Una vez hemos reconocido este reacomodo de la élite política – lleno por demás de contradicciones y confrontaciones –, notamos que para entender el carácter del gobierno Santos, es necesario dar cuenta de su mecanismo estructural de funcionamiento, la “Unidad Nacional”. Debemos entonces remontarnos primero que todo a otras experiencias de gobernar a la manera de la “Unidad Nacional”: el Partido Nacional de Nuñez, la Unión Republicana de Carlos E. Restrepo, entre otros gobiernos que han tenido a su haber una coalición de elites moderadas nacionales. En segundo lugar, debemos considerar los lineamientos que dan forma al contenido de la política del santismo. A estas alturas, podemos decir que este gobierno se empieza parecer cada vez más a los gobiernos tipo López Pumarejo y Lleras Restrepo, esto es, profundamente liberales, modernizadores y reformistas. Decimos entonces que la particularidad del gobierno Santos es conjugar estos dos tipos de experiencia: mientras que López y Lleras gobernaron con importantes niveles de oposición en la misma élite, Santos cuenta, por ahora, con la Unidad Nacional para el desarrollo de su proyecto liberal reformista y modernizador.

La mejor expresión del carácter reformador del gobierno ha sido, sin lugar a dudas, la ley de restitución de tierras, que se compagina someramente con los intentos de reforma agraria de López Pumarejo y de Lleras Restrepo, ya que si bien ésta, como lo dice Leal Buitrago “es más la transformación del campo a través de una redistribución y clarificación de los derechos de propiedad” que una Reforma Agraria (lo que no la hace menos relevante como el mismo comentarista señala), si vemos que se enfrenta con la oposición de la derecha radical y el poder regional, y que como respuesta intenta sostenerse en el apoyo del pueblo directamente, del campesinado o los trabajadores como lo hicieran en su momento López y Lleras[2]. Cuando el canal de la élite regional no sirve para gobernar, se busca directamente la organización estatal del apoyo popular[3].

Pero por otra parte es un modernizador, convencido de las bondades de un Estado institucionalizado (acabó así por ejemplo con los Concejos Comunitarios que era uno de los mecanismos de gobierno más representativos su antecesor), comprometido con la transparencia y gestión técnica y eficiente del Estado (lo que ha sido patentado en las ideas del Buen Gobierno y la reforma del Estado señalada), y sobre todas las cosas, sosteniendo que los esfuerzos transformadores sólo pueden ir de la mano con el impulso garantizado por el modelo económico de libre mercado.
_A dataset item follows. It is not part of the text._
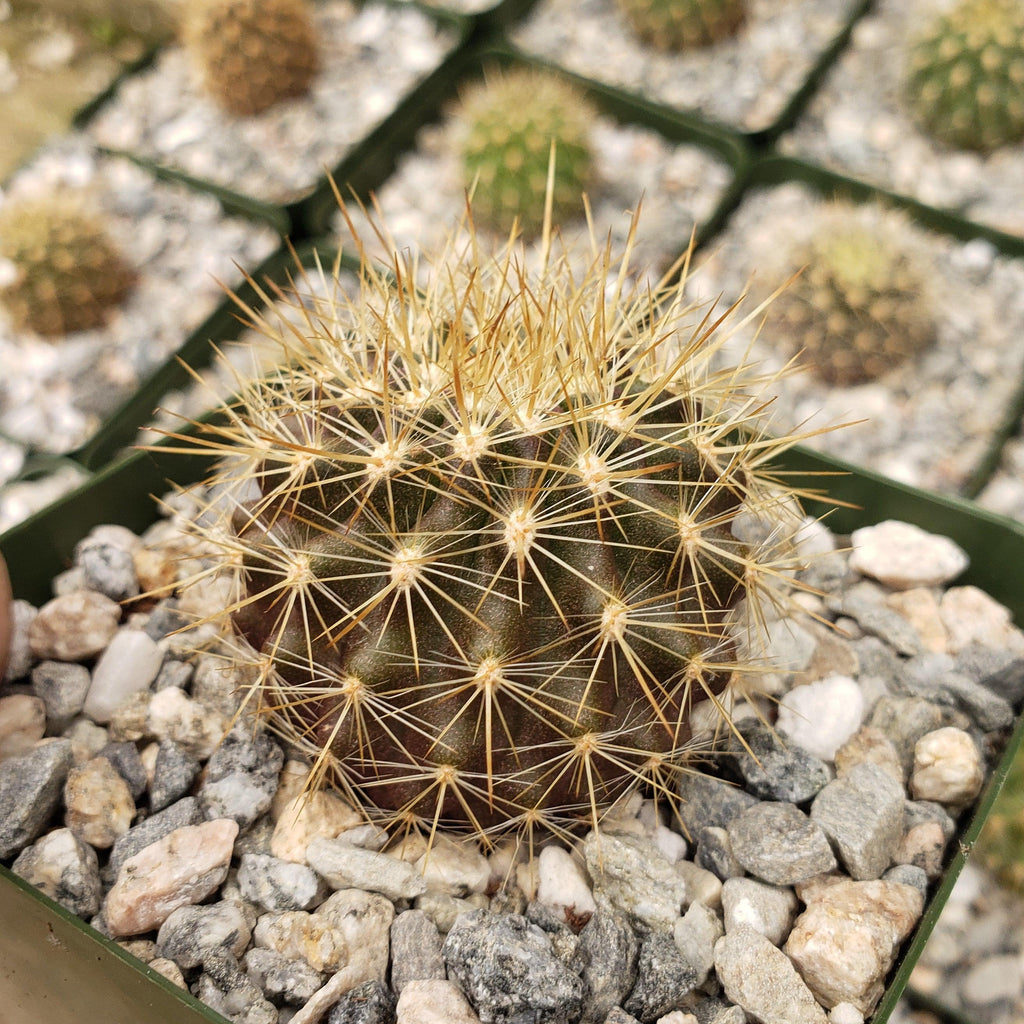 Neochilenia chilensis flaviflora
Este compromiso a la vez modernizador y reformista, para Santos, a diferencia de Uribe, no es una cuestión ideológica, es una cuestión lógica: ya no hay disputa, se debe buscar un crecimiento a través de la economía de libre mercado que garantice la consecución de grandes magnitudes de capital y que en el camino otorgue las oportunidades a todos para desarrollar su proyecto de vida. Esto implica el compromiso con un modelo de sociedad que no ve una contradicción, sino un complemento entre estos dos objetivos, un modelo de sociedad para nada nuevo en el mundo, sino uno probado por sus compañeros de conferencias y juegos de golf. Si Santos tiene algún referente político ese es la denominada “Tercera Vía” de Giddens, de Clinton y de Blair[4].

¿Y el modelo económico?:
La Hegemonía de la Prosperidad Democrática

Muchos sostienen que es precisamente esto lo que nos muestra que Santos y Uribe son lo mismo: si el modelo de gobierno neoliberal no ha cambiado para nada, nada ha cambiado de fondo tampoco, y por tanto, no podemos decir que estemos ante un nuevo escenario.
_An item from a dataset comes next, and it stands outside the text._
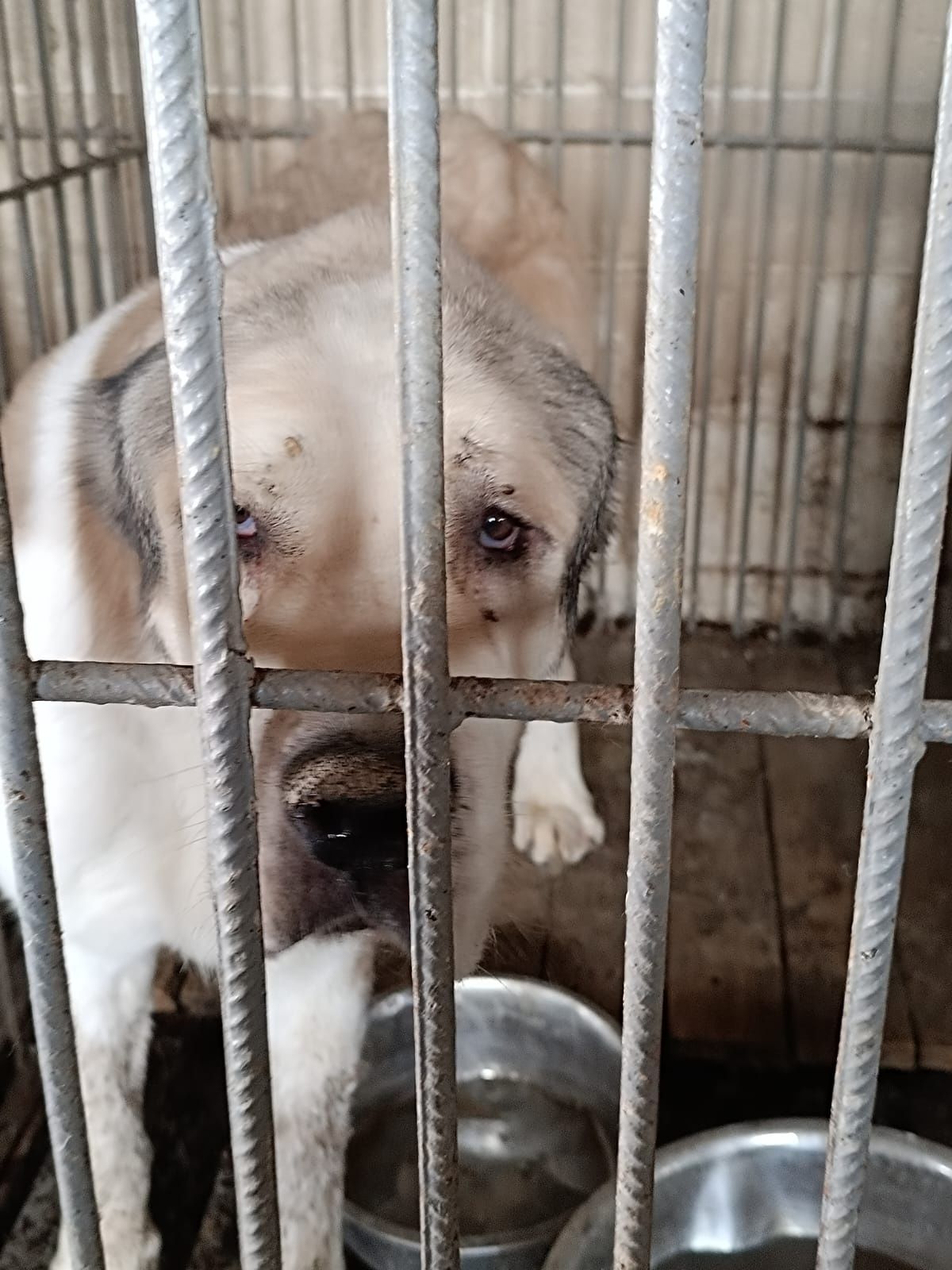 Люди пОмоГиТе наЙти старых и болееответственых новых хозяев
No cabe la menor duda de que la posición gubernamental frente a la economía es el rasgo en el que hay una mayor continuidad entre los dos presidentes. El signo neoliberal de este gobierno es más que innegable[5]: el fomento a la inversión como motor de crecimiento[6], el apoyo sin cuestionamiento a los TLC’s como estrategia de vinculación a la economía global, y finalmente, quizás lo más importante, el posicionamiento transversal de las locomotoras – especialmente la muy cuestionada de la minería – como motor de desarrollo de la sociedad, nos dejan ver los signos de un gobierno convencido de las bondades del libre mercado y la competencia. Este es, sin duda, el proyecto estructural modernizador del gobierno, la denominada “Prosperidad Democrática”[7]. 

Este en mi concepto es el signo más criticable del gobierno Santos, por razones que mostraré en breve, pero por ahora quisiera referirme a lo más problemático del análisis que sostiene que ésta es razón suficiente para señalar que entre Santos y Uribe no ha habido un cambio de escenario.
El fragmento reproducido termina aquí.